[Collected data]
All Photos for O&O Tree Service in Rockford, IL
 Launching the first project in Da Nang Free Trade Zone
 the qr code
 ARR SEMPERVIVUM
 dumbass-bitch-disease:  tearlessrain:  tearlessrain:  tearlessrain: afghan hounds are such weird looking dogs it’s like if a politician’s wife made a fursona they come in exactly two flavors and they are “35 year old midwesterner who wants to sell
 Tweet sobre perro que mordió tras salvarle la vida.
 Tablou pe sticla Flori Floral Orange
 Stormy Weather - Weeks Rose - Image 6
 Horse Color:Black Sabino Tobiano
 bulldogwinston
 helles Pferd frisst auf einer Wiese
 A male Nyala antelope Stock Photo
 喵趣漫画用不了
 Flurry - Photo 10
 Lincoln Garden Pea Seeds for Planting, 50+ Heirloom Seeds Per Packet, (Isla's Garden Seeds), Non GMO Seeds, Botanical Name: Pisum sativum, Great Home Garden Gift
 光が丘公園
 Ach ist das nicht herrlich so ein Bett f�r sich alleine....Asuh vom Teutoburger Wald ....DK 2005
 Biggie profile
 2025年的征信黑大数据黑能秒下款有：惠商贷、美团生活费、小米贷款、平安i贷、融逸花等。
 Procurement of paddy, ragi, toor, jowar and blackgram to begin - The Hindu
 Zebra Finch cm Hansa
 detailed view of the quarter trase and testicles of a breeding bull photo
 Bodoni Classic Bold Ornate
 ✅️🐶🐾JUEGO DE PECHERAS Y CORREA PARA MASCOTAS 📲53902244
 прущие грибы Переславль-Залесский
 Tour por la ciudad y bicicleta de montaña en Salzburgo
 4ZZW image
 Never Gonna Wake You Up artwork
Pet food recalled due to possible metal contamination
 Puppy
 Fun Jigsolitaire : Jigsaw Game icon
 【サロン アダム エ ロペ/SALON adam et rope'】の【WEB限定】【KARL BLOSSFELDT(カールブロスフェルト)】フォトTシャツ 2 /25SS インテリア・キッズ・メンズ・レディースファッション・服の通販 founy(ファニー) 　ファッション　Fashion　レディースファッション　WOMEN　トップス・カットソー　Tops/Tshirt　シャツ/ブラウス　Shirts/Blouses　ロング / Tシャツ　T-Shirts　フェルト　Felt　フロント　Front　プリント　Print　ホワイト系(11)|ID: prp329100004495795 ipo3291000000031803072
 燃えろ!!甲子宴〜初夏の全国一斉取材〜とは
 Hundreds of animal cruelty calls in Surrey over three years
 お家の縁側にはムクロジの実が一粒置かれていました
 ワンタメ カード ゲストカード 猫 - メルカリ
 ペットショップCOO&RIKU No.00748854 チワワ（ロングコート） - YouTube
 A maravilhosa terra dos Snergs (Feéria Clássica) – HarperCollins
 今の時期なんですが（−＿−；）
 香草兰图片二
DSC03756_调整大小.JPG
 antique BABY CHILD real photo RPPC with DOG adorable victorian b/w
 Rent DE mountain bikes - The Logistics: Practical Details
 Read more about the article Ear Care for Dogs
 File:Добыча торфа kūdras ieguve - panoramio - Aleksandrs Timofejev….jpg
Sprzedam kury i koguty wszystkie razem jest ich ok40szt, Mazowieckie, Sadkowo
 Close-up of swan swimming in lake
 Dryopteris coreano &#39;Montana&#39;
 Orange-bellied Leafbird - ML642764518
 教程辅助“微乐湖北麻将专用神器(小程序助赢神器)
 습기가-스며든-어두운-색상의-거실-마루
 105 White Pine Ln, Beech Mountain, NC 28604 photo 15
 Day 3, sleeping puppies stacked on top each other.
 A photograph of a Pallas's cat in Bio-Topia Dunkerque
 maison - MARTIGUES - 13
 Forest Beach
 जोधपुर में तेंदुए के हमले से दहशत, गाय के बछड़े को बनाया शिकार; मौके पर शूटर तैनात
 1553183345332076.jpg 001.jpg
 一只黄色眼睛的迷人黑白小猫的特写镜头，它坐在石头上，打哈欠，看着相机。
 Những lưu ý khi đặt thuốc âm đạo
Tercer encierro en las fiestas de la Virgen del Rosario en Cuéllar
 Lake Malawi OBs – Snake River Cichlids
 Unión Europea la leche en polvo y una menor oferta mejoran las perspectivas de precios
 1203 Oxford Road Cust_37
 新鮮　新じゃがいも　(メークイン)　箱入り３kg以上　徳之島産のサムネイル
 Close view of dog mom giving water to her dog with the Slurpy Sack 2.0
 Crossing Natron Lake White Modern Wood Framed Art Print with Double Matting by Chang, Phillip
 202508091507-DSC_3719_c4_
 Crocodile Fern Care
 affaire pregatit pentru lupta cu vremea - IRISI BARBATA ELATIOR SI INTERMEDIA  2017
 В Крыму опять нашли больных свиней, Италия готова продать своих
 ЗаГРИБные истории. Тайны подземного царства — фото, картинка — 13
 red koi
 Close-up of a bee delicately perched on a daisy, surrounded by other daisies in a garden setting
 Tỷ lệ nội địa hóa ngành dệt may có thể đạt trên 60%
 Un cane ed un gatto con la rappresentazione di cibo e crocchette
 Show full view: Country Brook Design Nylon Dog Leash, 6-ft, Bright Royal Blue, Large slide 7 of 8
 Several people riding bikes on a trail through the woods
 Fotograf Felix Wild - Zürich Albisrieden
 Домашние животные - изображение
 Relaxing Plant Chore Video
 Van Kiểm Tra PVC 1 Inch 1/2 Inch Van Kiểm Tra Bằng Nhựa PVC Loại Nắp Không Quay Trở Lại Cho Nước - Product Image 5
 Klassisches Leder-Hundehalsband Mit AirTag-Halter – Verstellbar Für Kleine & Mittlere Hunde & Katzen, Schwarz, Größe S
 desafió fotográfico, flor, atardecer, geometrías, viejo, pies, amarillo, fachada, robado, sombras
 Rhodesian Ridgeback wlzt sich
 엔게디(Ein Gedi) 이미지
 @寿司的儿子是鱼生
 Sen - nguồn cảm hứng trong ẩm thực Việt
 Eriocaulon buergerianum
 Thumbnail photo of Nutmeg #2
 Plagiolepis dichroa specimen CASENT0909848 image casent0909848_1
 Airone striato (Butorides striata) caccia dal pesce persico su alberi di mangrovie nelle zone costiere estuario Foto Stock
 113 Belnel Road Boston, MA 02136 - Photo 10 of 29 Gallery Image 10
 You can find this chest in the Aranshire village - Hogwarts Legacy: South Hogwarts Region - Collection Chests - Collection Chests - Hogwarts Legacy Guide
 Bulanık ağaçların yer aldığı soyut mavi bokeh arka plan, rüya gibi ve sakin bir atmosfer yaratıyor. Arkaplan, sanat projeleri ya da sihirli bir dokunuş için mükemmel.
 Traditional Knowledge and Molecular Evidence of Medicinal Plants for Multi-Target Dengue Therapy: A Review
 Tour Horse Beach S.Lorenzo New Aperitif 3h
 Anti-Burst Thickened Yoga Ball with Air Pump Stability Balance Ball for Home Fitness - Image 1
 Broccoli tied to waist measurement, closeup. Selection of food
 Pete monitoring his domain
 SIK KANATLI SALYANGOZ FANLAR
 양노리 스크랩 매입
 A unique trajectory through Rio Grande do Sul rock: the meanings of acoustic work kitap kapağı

Task brief –
Retype every entry exactly as it stands.

Exercise solution –
All Photos for O&O Tree Service in Rockford, IL
 Launching the first project in Da Nang Free Trade Zone
 the qr code
 ARR SEMPERVIVUM
 dumbass-bitch-disease:  tearlessrain:  tearlessrain:  tearlessrain: afghan hounds are such weird looking dogs it’s like if a politician’s wife made a fursona they come in exactly two flavors and they are “35 year old midwesterner who wants to sell
 Tweet sobre perro que mordió tras salvarle la vida.
 Tablou pe sticla Flori Floral Orange
 Stormy Weather - Weeks Rose - Image 6
 Horse Color:Black Sabino Tobiano
 bulldogwinston
 helles Pferd frisst auf einer Wiese
 A male Nyala antelope Stock Photo
 喵趣漫画用不了
 Flurry - Photo 10
 Lincoln Garden Pea Seeds for Planting, 50+ Heirloom Seeds Per Packet, (Isla's Garden Seeds), Non GMO Seeds, Botanical Name: Pisum sativum, Great Home Garden Gift
 光が丘公園
 Ach ist das nicht herrlich so ein Bett f�r sich alleine....Asuh vom Teutoburger Wald ....DK 2005
 Biggie profile
 2025年的征信黑大数据黑能秒下款有：惠商贷、美团生活费、小米贷款、平安i贷、融逸花等。
 Procurement of paddy, ragi, toor, jowar and blackgram to begin - The Hindu
 Zebra Finch cm Hansa
 detailed view of the quarter trase and testicles of a breeding bull photo
 Bodoni Classic Bold Ornate
 ✅️🐶🐾JUEGO DE PECHERAS Y CORREA PARA MASCOTAS 📲53902244
 прущие грибы Переславль-Залесский
 Tour por la ciudad y bicicleta de montaña en Salzburgo
 4ZZW image
 Never Gonna Wake You Up artwork
Pet food recalled due to possible metal contamination
 Puppy
 Fun Jigsolitaire : Jigsaw Game icon
 【サロン アダム エ ロペ/SALON adam et rope'】の【WEB限定】【KARL BLOSSFELDT(カールブロスフェルト)】フォトTシャツ 2 /25SS インテリア・キッズ・メンズ・レディースファッション・服の通販 founy(ファニー) 　ファッション　Fashion　レディースファッション　WOMEN　トップス・カットソー　Tops/Tshirt　シャツ/ブラウス　Shirts/Blouses　ロング / Tシャツ　T-Shirts　フェルト　Felt　フロント　Front　プリント　Print　ホワイト系(11)|ID: prp329100004495795 ipo3291000000031803072
 燃えろ!!甲子宴〜初夏の全国一斉取材〜とは
 Hundreds of animal cruelty calls in Surrey over three years
 お家の縁側にはムクロジの実が一粒置かれていました
 ワンタメ カード ゲストカード 猫 - メルカリ
 ペットショップCOO&RIKU No.00748854 チワワ（ロングコート） - YouTube
 A maravilhosa terra dos Snergs (Feéria Clássica) – HarperCollins
 今の時期なんですが（−＿−；）
 香草兰图片二
DSC03756_调整大小.JPG
 antique BABY CHILD real photo RPPC with DOG adorable victorian b/w
 Rent DE mountain bikes - The Logistics: Practical Details
 Read more about the article Ear Care for Dogs
 File:Добыча торфа kūdras ieguve - panoramio - Aleksandrs Timofejev….jpg
Sprzedam kury i koguty wszystkie razem jest ich ok40szt, Mazowieckie, Sadkowo
 Close-up of swan swimming in lake
 Dryopteris coreano &#39;Montana&#39;
 Orange-bellied Leafbird - ML642764518
 教程辅助“微乐湖北麻将专用神器(小程序助赢神器)
 습기가-스며든-어두운-색상의-거실-마루
 105 White Pine Ln, Beech Mountain, NC 28604 photo 15
 Day 3, sleeping puppies stacked on top each other.
 A photograph of a Pallas's cat in Bio-Topia Dunkerque
 maison - MARTIGUES - 13
 Forest Beach
 जोधपुर में तेंदुए के हमले से दहशत, गाय के बछड़े को बनाया शिकार; मौके पर शूटर तैनात
 1553183345332076.jpg 001.jpg
 一只黄色眼睛的迷人黑白小猫的特写镜头，它坐在石头上，打哈欠，看着相机。
 Những lưu ý khi đặt thuốc âm đạo
Tercer encierro en las fiestas de la Virgen del Rosario en Cuéllar
 Lake Malawi OBs – Snake River Cichlids
 Unión Europea la leche en polvo y una menor oferta mejoran las perspectivas de precios
 1203 Oxford Road Cust_37
 新鮮　新じゃがいも　(メークイン)　箱入り３kg以上　徳之島産のサムネイル
 Close view of dog mom giving water to her dog with the Slurpy Sack 2.0
 Crossing Natron Lake White Modern Wood Framed Art Print with Double Matting by Chang, Phillip
 202508091507-DSC_3719_c4_
 Crocodile Fern Care
 affaire pregatit pentru lupta cu vremea - IRISI BARBATA ELATIOR SI INTERMEDIA  2017
 В Крыму опять нашли больных свиней, Италия готова продать своих
 ЗаГРИБные истории. Тайны подземного царства — фото, картинка — 13
 red koi
 Close-up of a bee delicately perched on a daisy, surrounded by other daisies in a garden setting
 Tỷ lệ nội địa hóa ngành dệt may có thể đạt trên 60%
 Un cane ed un gatto con la rappresentazione di cibo e crocchette
 Show full view: Country Brook Design Nylon Dog Leash, 6-ft, Bright Royal Blue, Large slide 7 of 8
 Several people riding bikes on a trail through the woods
 Fotograf Felix Wild - Zürich Albisrieden
 Домашние животные - изображение
 Relaxing Plant Chore Video
 Van Kiểm Tra PVC 1 Inch 1/2 Inch Van Kiểm Tra Bằng Nhựa PVC Loại Nắp Không Quay Trở Lại Cho Nước - Product Image 5
 Klassisches Leder-Hundehalsband Mit AirTag-Halter – Verstellbar Für Kleine & Mittlere Hunde & Katzen, Schwarz, Größe S
 desafió fotográfico, flor, atardecer, geometrías, viejo, pies, amarillo, fachada, robado, sombras
 Rhodesian Ridgeback wlzt sich
 엔게디(Ein Gedi) 이미지
 @寿司的儿子是鱼生
 Sen - nguồn cảm hứng trong ẩm thực Việt
 Eriocaulon buergerianum
 Thumbnail photo of Nutmeg #2
 Plagiolepis dichroa specimen CASENT0909848 image casent0909848_1
 Airone striato (Butorides striata) caccia dal pesce persico su alberi di mangrovie nelle zone costiere estuario Foto Stock
 113 Belnel Road Boston, MA 02136 - Photo 10 of 29 Gallery Image 10
 You can find this chest in the Aranshire village - Hogwarts Legacy: South Hogwarts Region - Collection Chests - Collection Chests - Hogwarts Legacy Guide
 Bulanık ağaçların yer aldığı soyut mavi bokeh arka plan, rüya gibi ve sakin bir atmosfer yaratıyor. Arkaplan, sanat projeleri ya da sihirli bir dokunuş için mükemmel.
 Traditional Knowledge and Molecular Evidence of Medicinal Plants for Multi-Target Dengue Therapy: A Review
 Tour Horse Beach S.Lorenzo New Aperitif 3h
 Anti-Burst Thickened Yoga Ball with Air Pump Stability Balance Ball for Home Fitness - Image 1
 Broccoli tied to waist measurement, closeup. Selection of food
 Pete monitoring his domain
 SIK KANATLI SALYANGOZ FANLAR
 양노리 스크랩 매입
 A unique trajectory through Rio Grande do Sul rock: the meanings of acoustic work kitap kapağı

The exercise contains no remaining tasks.